**EXERCISE BRIEF**
From the data underneath, reproduce exactly the stretch that begins at the line with "Ridstar 77.6 in." and ends after the line with "Mythstone Colorful Butterfly".

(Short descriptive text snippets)
==============================

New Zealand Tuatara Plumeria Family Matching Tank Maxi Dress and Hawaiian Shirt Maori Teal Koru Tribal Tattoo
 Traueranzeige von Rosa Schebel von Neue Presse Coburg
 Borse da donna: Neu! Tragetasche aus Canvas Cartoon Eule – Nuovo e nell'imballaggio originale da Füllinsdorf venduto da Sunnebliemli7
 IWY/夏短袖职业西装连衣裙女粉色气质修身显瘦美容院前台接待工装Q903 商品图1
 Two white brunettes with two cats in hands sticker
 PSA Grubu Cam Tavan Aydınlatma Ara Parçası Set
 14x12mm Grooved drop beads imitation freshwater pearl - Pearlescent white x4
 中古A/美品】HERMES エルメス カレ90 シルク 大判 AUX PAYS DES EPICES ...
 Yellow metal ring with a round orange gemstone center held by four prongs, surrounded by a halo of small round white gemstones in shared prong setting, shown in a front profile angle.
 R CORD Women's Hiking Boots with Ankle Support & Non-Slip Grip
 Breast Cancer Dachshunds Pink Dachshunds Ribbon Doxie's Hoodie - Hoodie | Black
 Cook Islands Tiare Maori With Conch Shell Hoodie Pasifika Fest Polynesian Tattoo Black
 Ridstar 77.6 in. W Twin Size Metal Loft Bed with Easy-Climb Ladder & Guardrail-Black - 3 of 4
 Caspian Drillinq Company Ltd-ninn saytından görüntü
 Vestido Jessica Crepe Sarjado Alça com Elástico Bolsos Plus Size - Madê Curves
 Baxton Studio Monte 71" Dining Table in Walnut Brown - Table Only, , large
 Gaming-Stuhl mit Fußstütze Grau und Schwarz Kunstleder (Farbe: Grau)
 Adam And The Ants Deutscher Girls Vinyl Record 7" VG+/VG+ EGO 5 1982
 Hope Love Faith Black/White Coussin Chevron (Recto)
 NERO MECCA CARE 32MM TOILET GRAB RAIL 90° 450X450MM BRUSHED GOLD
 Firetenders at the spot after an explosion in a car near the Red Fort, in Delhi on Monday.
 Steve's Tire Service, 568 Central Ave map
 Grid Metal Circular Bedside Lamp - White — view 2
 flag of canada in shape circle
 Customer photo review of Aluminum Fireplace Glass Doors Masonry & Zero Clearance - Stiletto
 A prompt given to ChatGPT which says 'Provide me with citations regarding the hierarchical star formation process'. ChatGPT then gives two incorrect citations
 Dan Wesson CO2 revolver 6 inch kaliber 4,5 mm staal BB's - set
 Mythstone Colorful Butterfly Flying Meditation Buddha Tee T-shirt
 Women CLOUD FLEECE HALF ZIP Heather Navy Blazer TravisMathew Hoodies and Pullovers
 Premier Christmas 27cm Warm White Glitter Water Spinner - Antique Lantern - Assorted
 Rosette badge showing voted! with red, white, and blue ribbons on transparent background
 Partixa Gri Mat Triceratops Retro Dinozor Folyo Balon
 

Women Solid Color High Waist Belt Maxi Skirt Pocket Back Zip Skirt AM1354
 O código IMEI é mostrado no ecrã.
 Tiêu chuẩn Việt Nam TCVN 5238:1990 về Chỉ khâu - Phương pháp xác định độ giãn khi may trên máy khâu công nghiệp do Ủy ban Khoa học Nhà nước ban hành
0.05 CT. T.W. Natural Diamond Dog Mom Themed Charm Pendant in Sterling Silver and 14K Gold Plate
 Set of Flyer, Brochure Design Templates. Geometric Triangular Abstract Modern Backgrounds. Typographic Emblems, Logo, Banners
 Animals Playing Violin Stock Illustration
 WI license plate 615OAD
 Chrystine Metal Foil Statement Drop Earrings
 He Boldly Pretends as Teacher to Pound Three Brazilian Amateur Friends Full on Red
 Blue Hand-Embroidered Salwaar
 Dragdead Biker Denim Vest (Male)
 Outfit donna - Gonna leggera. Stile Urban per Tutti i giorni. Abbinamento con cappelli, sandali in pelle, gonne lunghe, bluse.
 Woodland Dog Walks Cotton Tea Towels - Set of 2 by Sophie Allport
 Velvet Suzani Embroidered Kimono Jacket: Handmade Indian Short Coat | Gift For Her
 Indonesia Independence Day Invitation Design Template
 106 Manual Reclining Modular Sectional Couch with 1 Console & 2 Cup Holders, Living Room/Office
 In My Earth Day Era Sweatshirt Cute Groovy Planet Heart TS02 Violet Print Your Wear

==============================

**TASK OUTPUT**
 Ridstar 77.6 in. W Twin Size Metal Loft Bed with Easy-Climb Ladder & Guardrail-Black - 3 of 4
 Caspian Drillinq Company Ltd-ninn saytından görüntü
 Vestido Jessica Crepe Sarjado Alça com Elástico Bolsos Plus Size - Madê Curves
 Baxton Studio Monte 71" Dining Table in Walnut Brown - Table Only, , large
 Gaming-Stuhl mit Fußstütze Grau und Schwarz Kunstleder (Farbe: Grau)
 Adam And The Ants Deutscher Girls Vinyl Record 7" VG+/VG+ EGO 5 1982
 Hope Love Faith Black/White Coussin Chevron (Recto)
 NERO MECCA CARE 32MM TOILET GRAB RAIL 90° 450X450MM BRUSHED GOLD
 Firetenders at the spot after an explosion in a car near the Red Fort, in Delhi on Monday.
 Steve's Tire Service, 568 Central Ave map
 Grid Metal Circular Bedside Lamp - White — view 2
 flag of canada in shape circle
 Customer photo review of Aluminum Fireplace Glass Doors Masonry & Zero Clearance - Stiletto
 A prompt given to ChatGPT which says 'Provide me with citations regarding the hierarchical star formation process'. ChatGPT then gives two incorrect citations
 Dan Wesson CO2 revolver 6 inch kaliber 4,5 mm staal BB's - set
 Mythstone Colorful Butterfly Flying Meditation Buddha Tee T-shirt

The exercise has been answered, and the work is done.